Solutions did come with other companies making products that would also work in that PC, but HP’s choice to try to lock you into their eco structure limited those, and still does. Still, aftermarket power supplies and new types of video cards, added to the range of available upgrades. These could take this basic machine into something that would last longer than HP intended or may have wanted. I get it, make a computer that’s obsolete in a few years and someone has to buy a new one. Make parts hard to find, or have you as the only source and you make even more money. Eventually, though, consumers stop trusting you.

I struggled with a few of these, but managed to find a power supply for a similar machine, I upgraded the memory, and I added a small cooling fan so this prebuilt became a better version of itself. It could still fulfill it’s intended purpose, but now it was able to game and stream because video cards with reasonable power requirements could be added. The computer had a Ryzen processor with AMD graphics, so adding an RX 6400 became possible. That card is not particularly good, but it works. It is also much better than the onboard graphic.
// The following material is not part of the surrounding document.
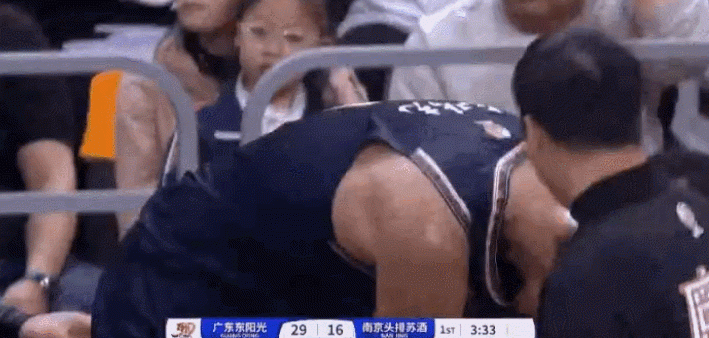 png电子网站广东首节打到29-16时 杜锋再现“五上五下”轮换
Other Goodies in the HP PC

As it turned out, Nvidia video cards were also supported. By supported, I mean the BIOS for the motherboard recognized the card, and I could put things like a GTX 1660, or even an RTX 3050 6GB model, which could both drastically improve this simple PC into a small beast. I’ll have some feedback and right about the RTX before long, so please check back. For now I’ll simply point back to the blog page, here, but hopefully I remember to come back and update to the RTX 3050 blog when I write it.

By adding a small Noctua fan, the PC managed to stay cooler and the existing processor was more than capable. This prebuilt had all of the tools it needed to be a solid build. It had solid CPU performance, decent graphics performance and plenty of memory. But what if we could do more? The Intel Arc cards have an AVI video encoder. A very good video encoder. Surely we could make a solid editing machine.

The Rub

As it turns out, this PC doesn’t recognize the ARC GPU using the very same slot AMD and NVidia graphics cards use. In fact, the machine doesn’t even post or properly start up. Why is this an issue? Because other HPs from the same era, recognize Intel graphics. They may not have recognized Intel Discrete graphics on a stand alone card, but the CPU has it built in.
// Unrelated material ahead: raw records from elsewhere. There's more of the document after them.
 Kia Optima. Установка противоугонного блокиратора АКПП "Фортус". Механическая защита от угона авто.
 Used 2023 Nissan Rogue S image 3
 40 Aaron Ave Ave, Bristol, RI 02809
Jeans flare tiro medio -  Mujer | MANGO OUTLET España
Why do I say it’s a simple problem to solve, maybe the Basic Input/Output System (BIOS) isn’t set up to be able to do that. The only issue with that statement is that they have current BIOS available for other PCs that already have that option. The BIOS on many of their prebuilts is extremely limited, but they already have the very same feature available in other PCs, and the motherboard used in this prebuilt is very common. The worst part, there have been BIOS updates AFTER Intel video cards have been released. It shouldn’t be very hard. What good were the last several updates? It’s a straight miss for HP.

So, What do we do with the Prebuilt PC?

That part is easy. It’s a solid machine and eventually, it will again become someone’s every day driver. But, it does make for a great test PC and a fine experiment. My early experiences with this model were frustrating, but this thing now is almost like the family pet. Well, if I had a family living with me, or a pet. Still, this PC is solid and much more than I thought I was getting when I first reviewed it. I don’t think HP can take the credit for that , though. And I’m certainly not giving it any.